The accord between the influential business and labor groups all but assured that the bipartisan group of senators would introduce their broad immigration legislation in the next few weeks. Their bill, which they have been meeting about several times a week since the November election, would provide a path to citizenship for the 11 million illegal immigrants already in the country. It would also take steps to secure the nation’s borders.

A similar bipartisan group in the House has been meeting on and off for nearly four years, and hopes to unveil its own immigration legislation shortly.

The agreement resolved what the pay level should be for low-skilled immigrants — often employed at hotels and restaurants or on construction projects — who could be brought in during labor shortages.

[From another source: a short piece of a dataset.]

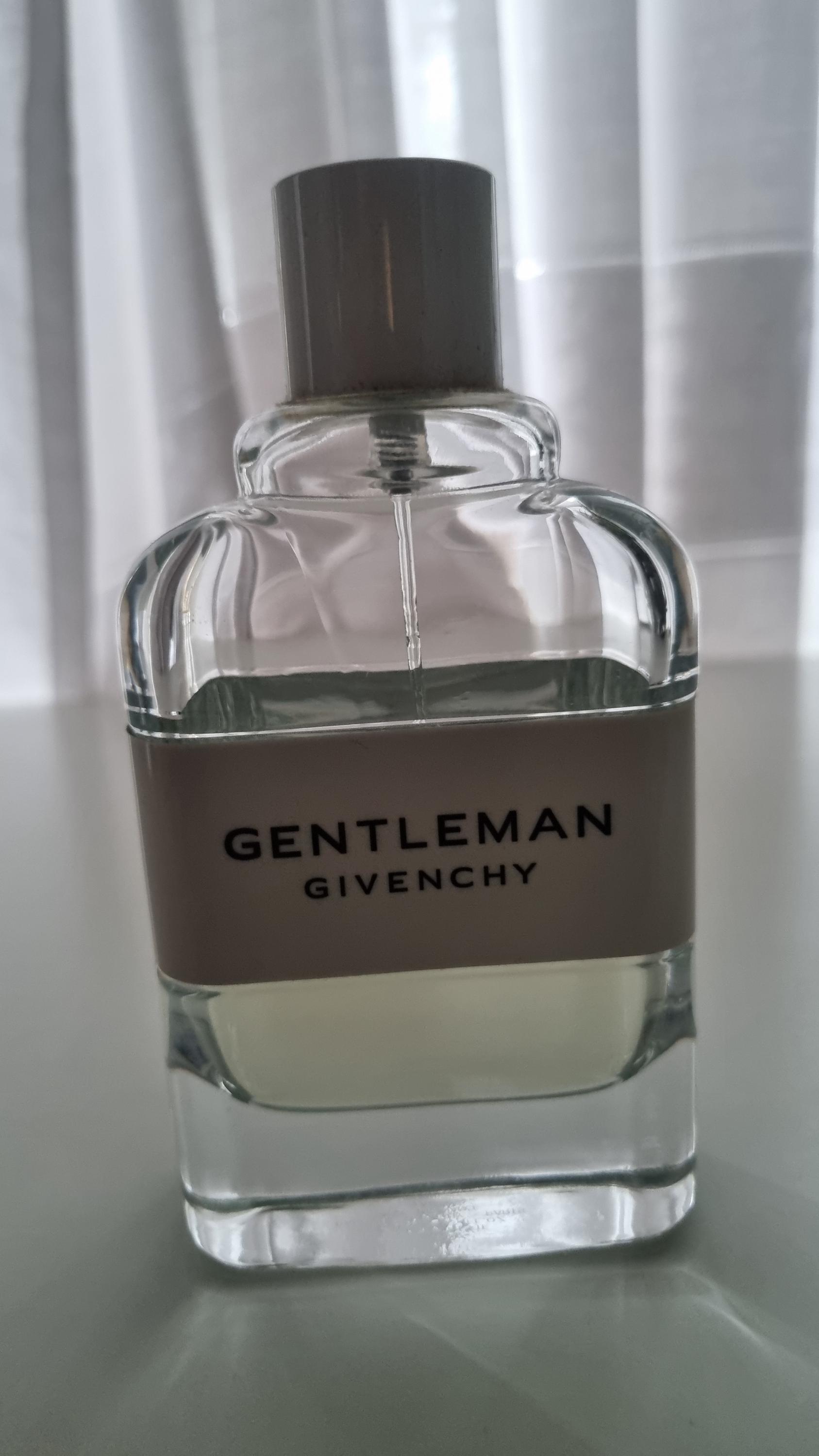 Givenchy Gentleman Cologne Eau De Toilette 100Ml | Restinhalt Ca. 1/3 von aam0604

Labor groups wanted to ensure that guest workers would not be paid less than the median wage in their respective industries, and the two sides compromised by agreeing that guest workers would be paid the higher of the prevailing industry wage as determined by the Labor Department or the actual employer wage.

Under the deal, guest workers would be allowed to pursue a path to citizenship and to change jobs after they arrived in the United States.

Another sticking point, involving the specific type of jobs that would be included in the guest worker program, was also resolved. Though low-skilled construction workers will be included in the visa program, construction unions persuaded the negotiators to exclude certain types of more skilled jobs — like crane operators and electricians — from the program, officials involved in the talks said.

According to officials with the A.F.L.-C.I.O., the program would start at 20,000 visas, rising to 35,000 visas in the second year, 55,000 in the third and 75,000 in the fourth. In the fifth year, the program would expand or shrink based on the unemployment rate, the ratio of job openings to unemployed workers and various other factors. The agreement calls for a maximum of 200,000 guest visas granted each year.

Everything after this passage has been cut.